▶ Exercise directions
The records below need copying. Match each line exactly.
╔══
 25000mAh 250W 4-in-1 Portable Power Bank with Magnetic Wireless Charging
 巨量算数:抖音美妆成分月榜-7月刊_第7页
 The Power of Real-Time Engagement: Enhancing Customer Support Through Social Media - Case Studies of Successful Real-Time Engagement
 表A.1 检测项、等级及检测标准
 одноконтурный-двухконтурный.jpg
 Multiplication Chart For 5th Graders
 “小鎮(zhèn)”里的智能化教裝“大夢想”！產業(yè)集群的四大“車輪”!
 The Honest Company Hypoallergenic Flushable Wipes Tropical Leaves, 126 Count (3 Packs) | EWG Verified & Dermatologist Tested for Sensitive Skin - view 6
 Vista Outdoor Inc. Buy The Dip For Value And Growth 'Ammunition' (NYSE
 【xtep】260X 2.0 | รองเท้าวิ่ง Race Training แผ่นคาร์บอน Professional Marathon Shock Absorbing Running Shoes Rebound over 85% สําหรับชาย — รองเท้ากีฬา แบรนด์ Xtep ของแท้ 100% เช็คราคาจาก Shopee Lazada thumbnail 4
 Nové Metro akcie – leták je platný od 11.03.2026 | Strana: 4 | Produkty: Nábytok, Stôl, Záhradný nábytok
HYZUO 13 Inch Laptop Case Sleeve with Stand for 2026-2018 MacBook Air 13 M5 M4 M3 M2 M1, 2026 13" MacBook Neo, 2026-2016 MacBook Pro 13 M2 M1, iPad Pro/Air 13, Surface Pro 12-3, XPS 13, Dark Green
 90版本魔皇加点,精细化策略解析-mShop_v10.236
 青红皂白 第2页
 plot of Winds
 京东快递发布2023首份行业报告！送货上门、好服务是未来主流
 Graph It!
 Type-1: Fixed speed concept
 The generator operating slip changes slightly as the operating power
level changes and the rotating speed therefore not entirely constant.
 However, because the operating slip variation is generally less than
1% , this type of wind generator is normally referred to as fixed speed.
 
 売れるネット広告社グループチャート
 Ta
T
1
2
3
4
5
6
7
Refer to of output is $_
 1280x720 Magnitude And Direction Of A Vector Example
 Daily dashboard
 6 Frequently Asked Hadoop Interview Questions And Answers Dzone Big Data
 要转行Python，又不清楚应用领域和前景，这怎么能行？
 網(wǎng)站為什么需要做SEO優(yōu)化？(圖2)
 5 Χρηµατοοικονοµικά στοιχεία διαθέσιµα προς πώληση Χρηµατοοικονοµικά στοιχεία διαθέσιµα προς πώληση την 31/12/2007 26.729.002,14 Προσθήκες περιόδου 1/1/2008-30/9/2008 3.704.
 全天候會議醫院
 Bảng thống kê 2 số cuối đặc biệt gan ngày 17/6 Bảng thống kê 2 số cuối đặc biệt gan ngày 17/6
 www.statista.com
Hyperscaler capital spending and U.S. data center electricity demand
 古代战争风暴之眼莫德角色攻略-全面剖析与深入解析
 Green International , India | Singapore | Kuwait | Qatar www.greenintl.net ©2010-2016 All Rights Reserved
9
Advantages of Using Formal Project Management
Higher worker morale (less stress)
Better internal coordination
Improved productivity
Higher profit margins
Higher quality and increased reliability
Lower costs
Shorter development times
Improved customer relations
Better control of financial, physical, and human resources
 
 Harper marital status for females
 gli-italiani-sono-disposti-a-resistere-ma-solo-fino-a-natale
╚══
▶ Task output
 25000mAh 250W 4-in-1 Portable Power Bank with Magnetic Wireless Charging
 巨量算数:抖音美妆成分月榜-7月刊_第7页
 The Power of Real-Time Engagement: Enhancing Customer Support Through Social Media - Case Studies of Successful Real-Time Engagement
 表A.1 检测项、等级及检测标准
 одноконтурный-двухконтурный.jpg
 Multiplication Chart For 5th Graders
 “小鎮(zhèn)”里的智能化教裝“大夢想”！產業(yè)集群的四大“車輪”!
 The Honest Company Hypoallergenic Flushable Wipes Tropical Leaves, 126 Count (3 Packs) | EWG Verified & Dermatologist Tested for Sensitive Skin - view 6
 Vista Outdoor Inc. Buy The Dip For Value And Growth 'Ammunition' (NYSE
 【xtep】260X 2.0 | รองเท้าวิ่ง Race Training แผ่นคาร์บอน Professional Marathon Shock Absorbing Running Shoes Rebound over 85% สําหรับชาย — รองเท้ากีฬา แบรนด์ Xtep ของแท้ 100% เช็คราคาจาก Shopee Lazada thumbnail 4
 Nové Metro akcie – leták je platný od 11.03.2026 | Strana: 4 | Produkty: Nábytok, Stôl, Záhradný nábytok
HYZUO 13 Inch Laptop Case Sleeve with Stand for 2026-2018 MacBook Air 13 M5 M4 M3 M2 M1, 2026 13" MacBook Neo, 2026-2016 MacBook Pro 13 M2 M1, iPad Pro/Air 13, Surface Pro 12-3, XPS 13, Dark Green
 90版本魔皇加点,精细化策略解析-mShop_v10.236
 青红皂白 第2页
 plot of Winds
 京东快递发布2023首份行业报告！送货上门、好服务是未来主流
 Graph It!
 Type-1: Fixed speed concept
 The generator operating slip changes slightly as the operating power
level changes and the rotating speed therefore not entirely constant.
 However, because the operating slip variation is generally less than
1% , this type of wind generator is normally referred to as fixed speed.
 
 売れるネット広告社グループチャート
 Ta
T
1
2
3
4
5
6
7
Refer to of output is $_
 1280x720 Magnitude And Direction Of A Vector Example
 Daily dashboard
 6 Frequently Asked Hadoop Interview Questions And Answers Dzone Big Data
 要转行Python，又不清楚应用领域和前景，这怎么能行？
 網(wǎng)站為什么需要做SEO優(yōu)化？(圖2)
 5 Χρηµατοοικονοµικά στοιχεία διαθέσιµα προς πώληση Χρηµατοοικονοµικά στοιχεία διαθέσιµα προς πώληση την 31/12/2007 26.729.002,14 Προσθήκες περιόδου 1/1/2008-30/9/2008 3.704.
 全天候會議醫院
 Bảng thống kê 2 số cuối đặc biệt gan ngày 17/6 Bảng thống kê 2 số cuối đặc biệt gan ngày 17/6
 www.statista.com
Hyperscaler capital spending and U.S. data center electricity demand
 古代战争风暴之眼莫德角色攻略-全面剖析与深入解析
 Green International , India | Singapore | Kuwait | Qatar www.greenintl.net ©2010-2016 All Rights Reserved
9
Advantages of Using Formal Project Management
Higher worker morale (less stress)
Better internal coordination
Improved productivity
Higher profit margins
Higher quality and increased reliability
Lower costs
Shorter development times
Improved customer relations
Better control of financial, physical, and human resources
 
 Harper marital status for females
 gli-italiani-sono-disposti-a-resistere-ma-solo-fino-a-natale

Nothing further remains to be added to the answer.